How to prove that $a^x>0$

Question

How to prove that $a^x>0$ ( Simple proof ) ?

My Try : There must be no answer for $a^x \le0 $ How to prove ?

Answer 1

$a^x=e^{x\ln(a)}>0$ is positive since the image of exponential is $>0$.

Answer 2

Note that by definition $\forall m,n \in\mathbb{N}$

$$e^\frac{m}{n}=\frac{\stackrel{m \, times}{e\cdot e\cdot ...\cdot e} }{\stackrel{n \, times}{e\cdot e\cdot ...\cdot e}}>0$$

then since $\forall x$ and $\forall \epsilon >0$ $\, \exists q_1=\frac{m_1}{n_1},q_2=\frac{m_2}{n_2}\in\mathbb{Z}$ such that $q_1\leq x \le q_2$ with $|q_i-x|<\epsilon$ and

$$e^{q_1}\le e^x \le e^{q_2}\iff e^\frac{m_1}{n_1} \le e^x\le e^\frac{m_2}{n_2} $$

it follows that $e^x>0$.

Answer 3

Starting from the base that $a\in \mathbb{R}^+$ and $x\in \mathbb{Z}^+$, then is by definition:

$$\tag1 a^n = 1 \cdot \underbrace{{ a\cdot a\cdot a\dotsm a }}_{x} > 0 \implies a^x>0$$ This follows $$\tag2 \text{for } x \in \mathbb{Z}^- \implies a^{-x} = (a^{-1})^x = \left(\frac1a\right)^x = \frac1{a^x} >0\implies a^x>0$$

$$\tag3 \text{for }x \in \mathbb{R} \implies a^{\frac{x}{y}} = \sqrt[y]{a^x} = (\sqrt[y]{a})^x > 0\implies a^x>0$$

$$\tag4 \text{for } x = i \in \mathbb{C}\implies a^{i} = e^{i\ln(a)} > 0 \implies a^x >0$$

Answer 4

At least you should be familiar with the fact that $a^x>0$ if $a>0,x\geq 0$. And if $x<0$ then $a^x=1/a^{-x}>0$.

Next we deal with the familiar fact mentioned above.

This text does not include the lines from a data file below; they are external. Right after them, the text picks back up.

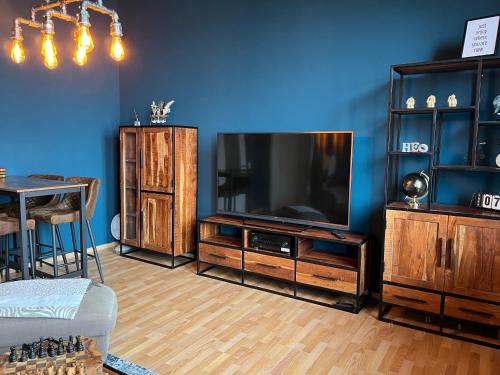 a living room with a large television and a table at Ferienwohnung "Charlotte" nahe der Elbe mit kostenlosem Parkplatz vor der Tür in Magdeburg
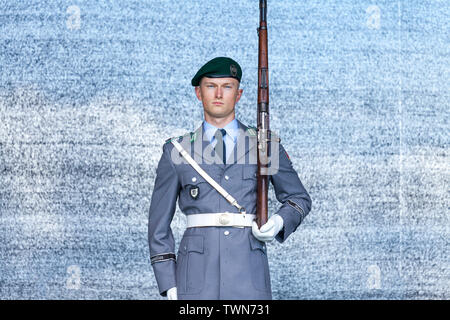 AUGUSTDORF / GERMANY - JUNE 15, 2019: German soldier from the guard battalion walks on a stage at Day of the Bundeswehr 2019. Stock Photo
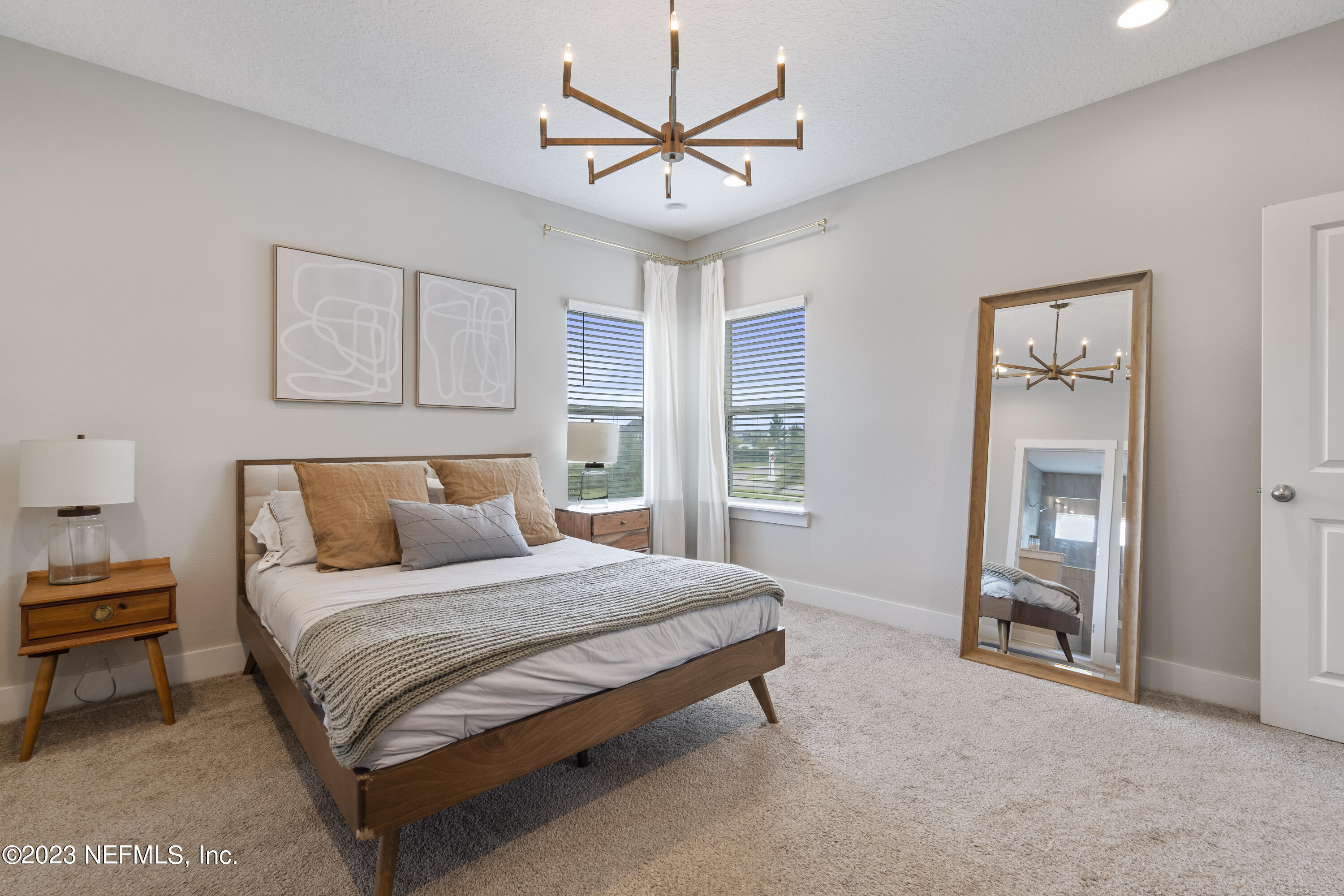 36 Strobe Court St. Augustine, FL 32095 - Photo 25 of 47 a bedroom with a bed and a chandelier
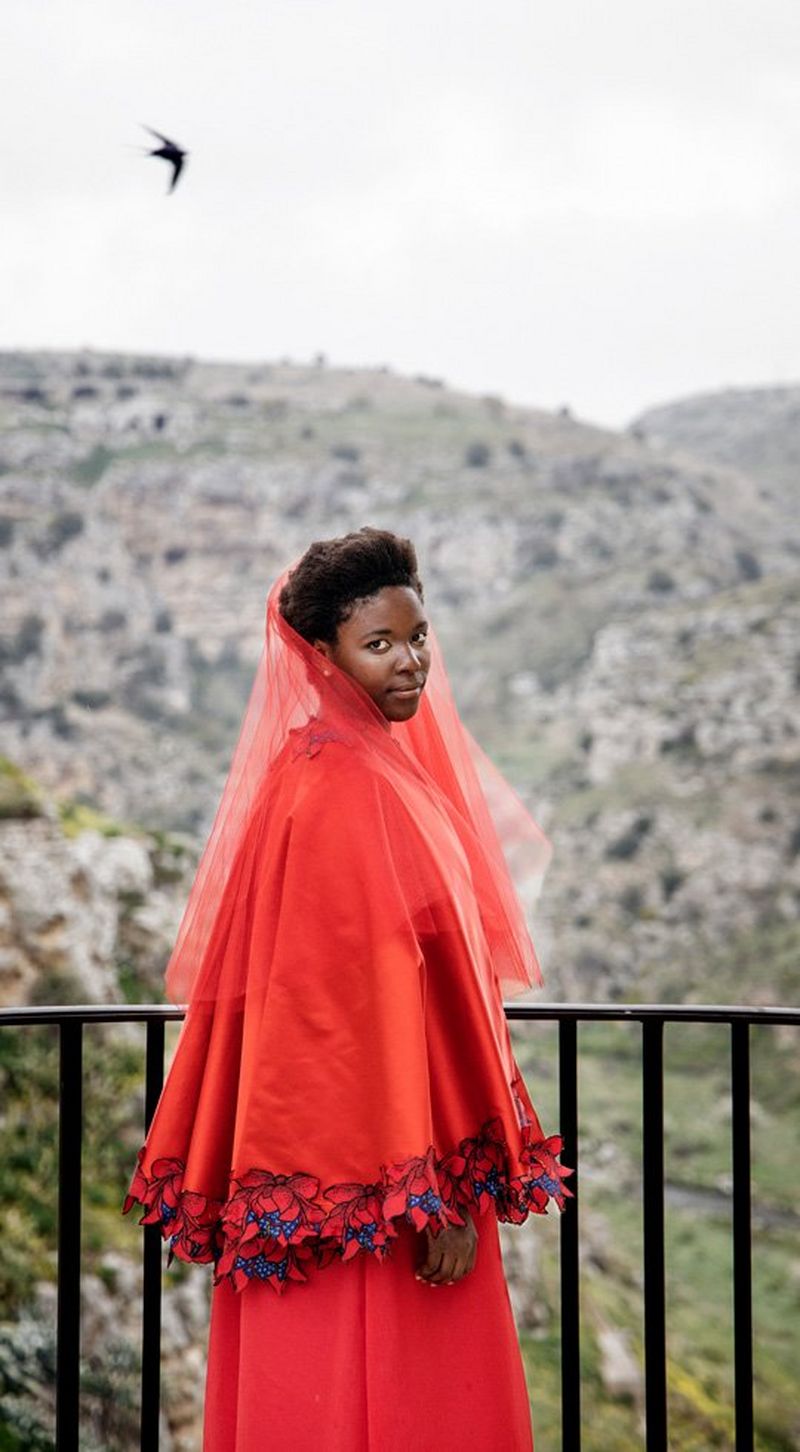 A woman in a red dress, shawl and veil, stands by railings, overlooking mountains.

If $a=1$ the claim is true (obvious). If $a>1$ then $a^x>1^x=1>0$. And if $0<a<1$ then $a^x=1/(1/a)^x>0$.

Needless to say all the above argument works by assuming fundamental properties of exponential functions and these can be established using algebra if $x$ is rational.